CAR armed conflict displacement Bria Bangassou
May 19, 2017

Ongoing conflict between self-defense forces and ex-Séléka coalition dissidents led to more violence this week in Bria, a town where Doctors Without Borders/Médecins Sans Frontières (MSF) runs a pediatric program. The Central African Republic Ministry of Health, International Medical Corps, and MSF teams present in the town launched a contingency plan and, between May 15 and May 18, treated 44 casualties in Bria Hospital. An MSF surgical team arrived yesterday to assist the treatment of wounded patients in the hospital's operating theater. Conflict in the east of the country has intensified in recent months, jeopardizing access to health care in many previously stable regions. 

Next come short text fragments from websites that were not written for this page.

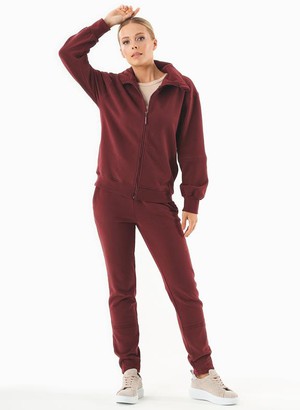 Soft Touch Sweat Jacket Bordeaux from Shop Like You Give a Damn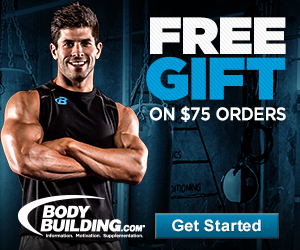 Bodybuilding.com - Free Gift On 75$ Orders!
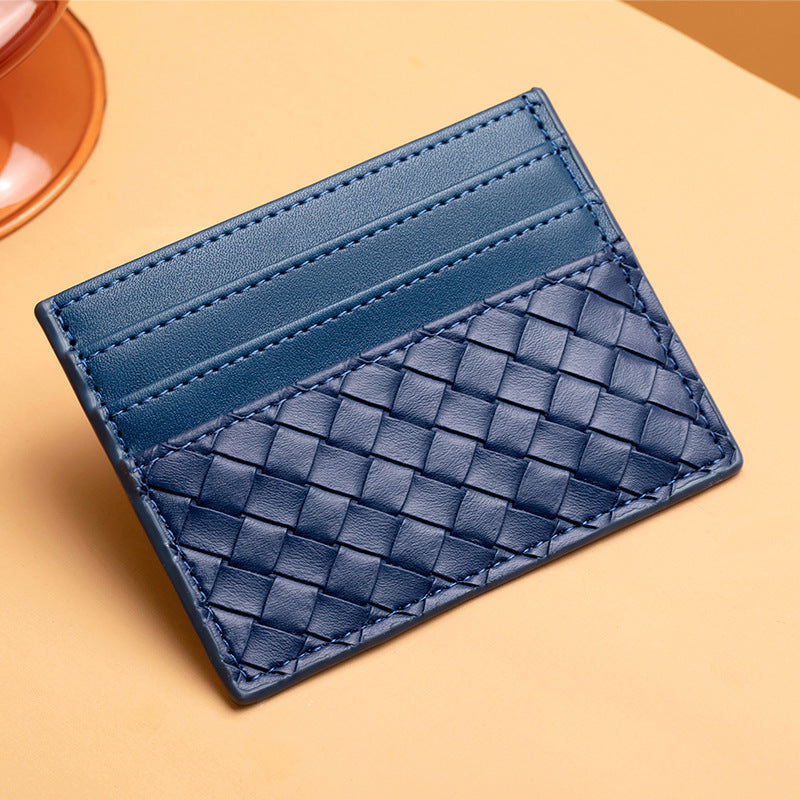 Woven Leather Card Holder Stornfield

Disruption and Displacement

Seeking protection from the fighting in Bria, thousands of the town’s inhabitants have fled. Families have assembled in the Bria hospital compound in the hope that the belligerents will respect its neutrality and protected status. Fifteen thousand people have taken refuge in the PK3 camp for displaced persons, which is now so full it can no longer cope. With the rainy season and resulting cases of malaria at a peak, new arrivals find themselves in extremely precarious living conditions, with very few options for hygiene services and inadequate access to water. MSF teams have increased mobile clinics in the camp so that those who fled can access medical care.

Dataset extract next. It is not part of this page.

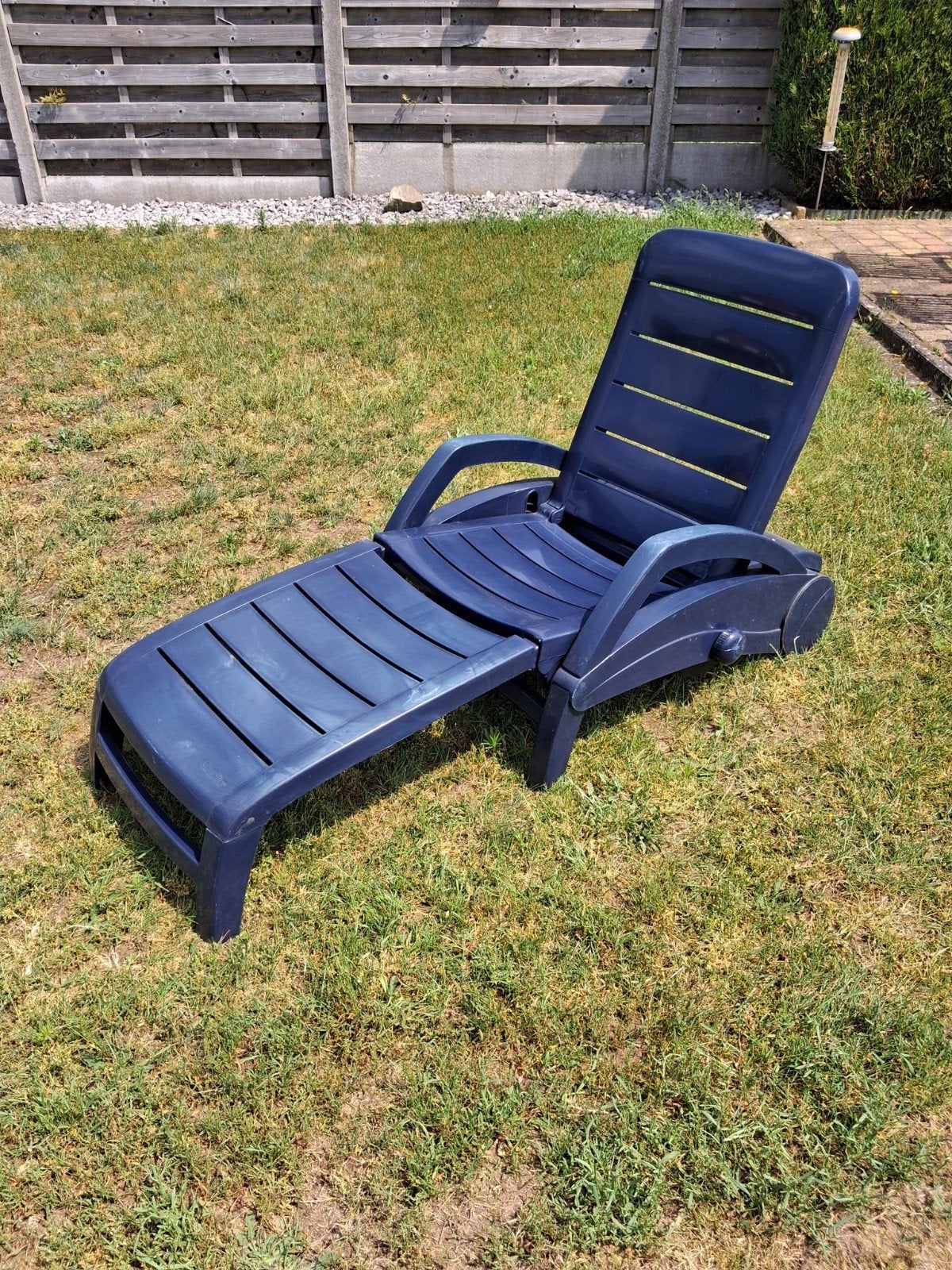 Ligzetel, Jardin & Terrasse, Chaises longues, Enlèvement, Utilisé, Synthétique, Réglable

Meanwhile, a vaccination program planned for this week was disrupted by the fighting, depriving 6,000 children under five years old of access to a major preventive health measure.

Indiscriminate Attacks

Places of worship, businesses, and local government buildings associated with one of the warring parties were attacked in the fighting, further inflaming ethnic and religious divides in Bria. Attacks such as these fuel the cycle of reprisals against civilians that has convulsed eastern CAR for months.

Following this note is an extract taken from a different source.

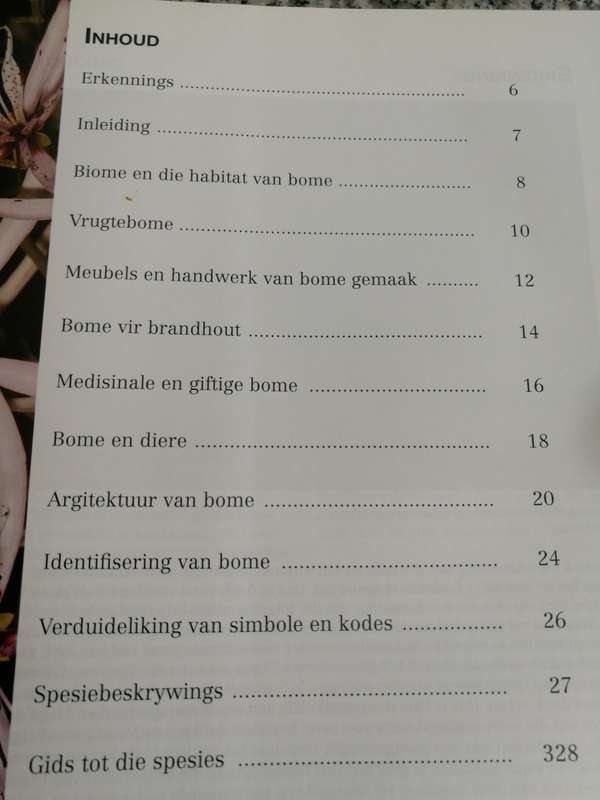 FOTOGIDS TOT BOME van SUIDER AFRIKA BRAAM van WYK PIET van WYK  ens.   ( Afrikaans ) trees verwysing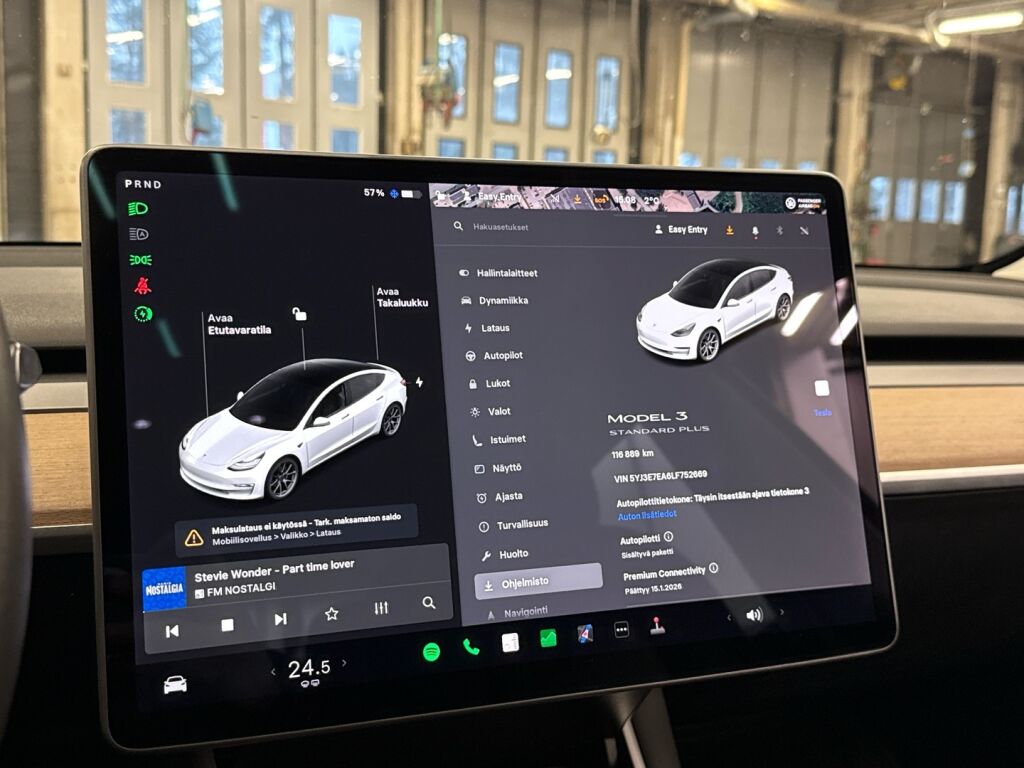 Tesla Model 3 2020 Valkoinen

In the town of Bangassou, the situation has calmed yet remains volatile following violence last weekend. Some 7,000 people are still displaced in the local church compound. MSF has restarted routine activities at the hospital to meet the needs of a large caseload of patients, many of whom have severe medical conditions, most notably due to malaria. MSF teams also run mobile clinics in the area for people displaced by the violence. About 250 patients received treatment during recent mobile clinics and 250 were treated at the hospital from May 16 to May 18.

Last week, clashes in Alindao caused displacement of the population towards Bambari. MSF team in the Bambari hospital treated six people wounded in the fighting. Another team is on its way to evaluate the needs of displaced people in and around Alindao, as well as in Mobaye.